- How to complete this task
Only lines that contain the word "face" are to be returned from the data below.
--- --- ---
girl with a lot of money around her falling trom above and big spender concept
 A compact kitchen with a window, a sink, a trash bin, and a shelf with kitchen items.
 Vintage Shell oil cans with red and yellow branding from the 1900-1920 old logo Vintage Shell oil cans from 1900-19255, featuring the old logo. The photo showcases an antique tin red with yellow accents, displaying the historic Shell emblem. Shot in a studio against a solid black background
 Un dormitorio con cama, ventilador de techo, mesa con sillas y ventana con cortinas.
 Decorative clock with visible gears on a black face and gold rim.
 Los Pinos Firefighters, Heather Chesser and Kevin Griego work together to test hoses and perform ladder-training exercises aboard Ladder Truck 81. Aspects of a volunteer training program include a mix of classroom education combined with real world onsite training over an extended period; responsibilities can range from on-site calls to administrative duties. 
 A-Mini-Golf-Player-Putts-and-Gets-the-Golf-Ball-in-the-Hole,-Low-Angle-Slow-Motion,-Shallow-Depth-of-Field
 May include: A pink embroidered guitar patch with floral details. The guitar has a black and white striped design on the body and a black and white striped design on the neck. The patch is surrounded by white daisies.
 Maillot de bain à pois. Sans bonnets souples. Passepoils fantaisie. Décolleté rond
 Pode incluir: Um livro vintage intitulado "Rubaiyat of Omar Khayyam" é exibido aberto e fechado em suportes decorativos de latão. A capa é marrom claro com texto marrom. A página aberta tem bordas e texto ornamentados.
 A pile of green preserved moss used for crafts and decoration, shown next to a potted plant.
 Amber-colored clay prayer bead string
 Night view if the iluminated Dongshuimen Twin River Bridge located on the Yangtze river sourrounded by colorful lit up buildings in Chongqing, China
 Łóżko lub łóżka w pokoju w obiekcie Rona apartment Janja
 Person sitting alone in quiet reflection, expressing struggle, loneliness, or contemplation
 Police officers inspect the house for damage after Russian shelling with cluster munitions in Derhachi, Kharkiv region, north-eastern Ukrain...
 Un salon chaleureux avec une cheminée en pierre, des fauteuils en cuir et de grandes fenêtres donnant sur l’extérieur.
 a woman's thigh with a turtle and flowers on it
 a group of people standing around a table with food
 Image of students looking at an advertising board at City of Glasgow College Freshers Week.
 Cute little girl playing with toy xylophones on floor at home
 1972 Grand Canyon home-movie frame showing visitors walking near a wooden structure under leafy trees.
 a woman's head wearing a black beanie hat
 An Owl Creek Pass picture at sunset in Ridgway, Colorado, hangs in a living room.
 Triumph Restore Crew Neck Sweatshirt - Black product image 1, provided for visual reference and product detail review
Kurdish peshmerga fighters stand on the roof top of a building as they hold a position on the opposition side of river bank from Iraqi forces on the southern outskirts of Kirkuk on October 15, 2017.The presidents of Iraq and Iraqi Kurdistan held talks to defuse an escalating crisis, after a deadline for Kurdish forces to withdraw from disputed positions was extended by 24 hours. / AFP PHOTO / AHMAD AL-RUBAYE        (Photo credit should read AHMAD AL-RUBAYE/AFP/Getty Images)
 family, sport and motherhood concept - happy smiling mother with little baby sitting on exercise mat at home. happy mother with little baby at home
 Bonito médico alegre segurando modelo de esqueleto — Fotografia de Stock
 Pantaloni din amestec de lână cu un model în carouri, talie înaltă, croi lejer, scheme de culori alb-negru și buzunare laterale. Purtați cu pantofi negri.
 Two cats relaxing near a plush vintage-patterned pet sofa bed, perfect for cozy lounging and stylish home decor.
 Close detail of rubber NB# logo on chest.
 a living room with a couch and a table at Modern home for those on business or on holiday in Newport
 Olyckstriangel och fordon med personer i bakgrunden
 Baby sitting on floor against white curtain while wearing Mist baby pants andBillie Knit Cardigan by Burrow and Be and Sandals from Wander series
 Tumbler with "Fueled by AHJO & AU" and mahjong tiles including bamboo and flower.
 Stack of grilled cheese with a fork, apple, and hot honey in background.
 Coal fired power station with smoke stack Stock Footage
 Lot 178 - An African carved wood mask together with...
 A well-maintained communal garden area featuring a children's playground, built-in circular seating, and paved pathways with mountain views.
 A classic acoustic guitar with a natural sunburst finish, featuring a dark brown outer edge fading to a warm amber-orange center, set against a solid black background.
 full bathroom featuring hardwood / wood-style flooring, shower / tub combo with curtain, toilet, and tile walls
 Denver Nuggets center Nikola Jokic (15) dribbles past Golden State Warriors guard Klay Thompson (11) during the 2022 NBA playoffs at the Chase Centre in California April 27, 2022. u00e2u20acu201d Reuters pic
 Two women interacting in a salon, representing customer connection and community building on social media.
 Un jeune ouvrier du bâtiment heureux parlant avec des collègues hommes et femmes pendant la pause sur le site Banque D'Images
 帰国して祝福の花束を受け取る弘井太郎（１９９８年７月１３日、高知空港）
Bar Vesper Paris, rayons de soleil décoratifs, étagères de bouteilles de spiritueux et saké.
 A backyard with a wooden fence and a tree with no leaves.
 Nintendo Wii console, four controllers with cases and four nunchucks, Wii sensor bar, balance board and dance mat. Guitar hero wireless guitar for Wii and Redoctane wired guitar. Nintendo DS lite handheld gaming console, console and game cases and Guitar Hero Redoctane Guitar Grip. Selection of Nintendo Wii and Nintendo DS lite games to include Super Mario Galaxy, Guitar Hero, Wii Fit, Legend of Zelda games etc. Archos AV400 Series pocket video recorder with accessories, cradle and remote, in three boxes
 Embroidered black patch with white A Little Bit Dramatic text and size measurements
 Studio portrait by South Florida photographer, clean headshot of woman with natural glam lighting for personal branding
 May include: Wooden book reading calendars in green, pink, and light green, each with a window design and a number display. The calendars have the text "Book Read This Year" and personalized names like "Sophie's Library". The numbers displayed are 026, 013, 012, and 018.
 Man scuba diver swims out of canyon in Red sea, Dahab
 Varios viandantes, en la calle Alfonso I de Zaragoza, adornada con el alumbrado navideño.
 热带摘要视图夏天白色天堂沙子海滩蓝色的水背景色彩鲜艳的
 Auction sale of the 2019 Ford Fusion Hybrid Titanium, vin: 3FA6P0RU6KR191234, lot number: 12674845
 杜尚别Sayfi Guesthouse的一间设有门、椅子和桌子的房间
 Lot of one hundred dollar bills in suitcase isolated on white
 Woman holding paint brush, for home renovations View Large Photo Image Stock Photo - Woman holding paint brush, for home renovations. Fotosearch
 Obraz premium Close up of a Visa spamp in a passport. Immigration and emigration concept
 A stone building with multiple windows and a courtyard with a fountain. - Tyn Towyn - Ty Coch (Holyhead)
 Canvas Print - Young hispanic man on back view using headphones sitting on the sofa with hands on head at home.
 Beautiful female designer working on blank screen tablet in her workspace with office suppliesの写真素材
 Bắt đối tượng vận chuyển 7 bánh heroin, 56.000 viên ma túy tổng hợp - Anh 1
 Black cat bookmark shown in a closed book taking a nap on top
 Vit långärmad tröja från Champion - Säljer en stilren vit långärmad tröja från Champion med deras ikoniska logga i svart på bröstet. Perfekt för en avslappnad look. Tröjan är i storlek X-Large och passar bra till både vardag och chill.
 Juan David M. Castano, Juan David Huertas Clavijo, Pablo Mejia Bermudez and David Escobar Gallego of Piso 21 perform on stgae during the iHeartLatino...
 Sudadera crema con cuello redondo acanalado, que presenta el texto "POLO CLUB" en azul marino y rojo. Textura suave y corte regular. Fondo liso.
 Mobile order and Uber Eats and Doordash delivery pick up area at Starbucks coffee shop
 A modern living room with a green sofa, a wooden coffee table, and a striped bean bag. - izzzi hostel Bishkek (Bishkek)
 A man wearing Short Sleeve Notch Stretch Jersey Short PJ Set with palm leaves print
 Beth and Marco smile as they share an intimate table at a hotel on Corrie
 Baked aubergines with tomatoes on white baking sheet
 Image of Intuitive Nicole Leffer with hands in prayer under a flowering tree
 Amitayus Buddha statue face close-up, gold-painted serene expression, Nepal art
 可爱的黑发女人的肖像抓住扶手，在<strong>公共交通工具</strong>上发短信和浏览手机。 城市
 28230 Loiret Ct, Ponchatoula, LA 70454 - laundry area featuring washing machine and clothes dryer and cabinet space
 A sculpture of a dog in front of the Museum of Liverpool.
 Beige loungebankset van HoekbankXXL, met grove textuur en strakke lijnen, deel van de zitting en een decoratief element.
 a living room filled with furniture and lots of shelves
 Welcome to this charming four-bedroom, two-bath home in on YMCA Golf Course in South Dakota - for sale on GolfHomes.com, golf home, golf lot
--- --- ---
- Problem solution
 Decorative clock with visible gears on a black face and gold rim.
 Amitayus Buddha statue face close-up, gold-painted serene expression, Nepal art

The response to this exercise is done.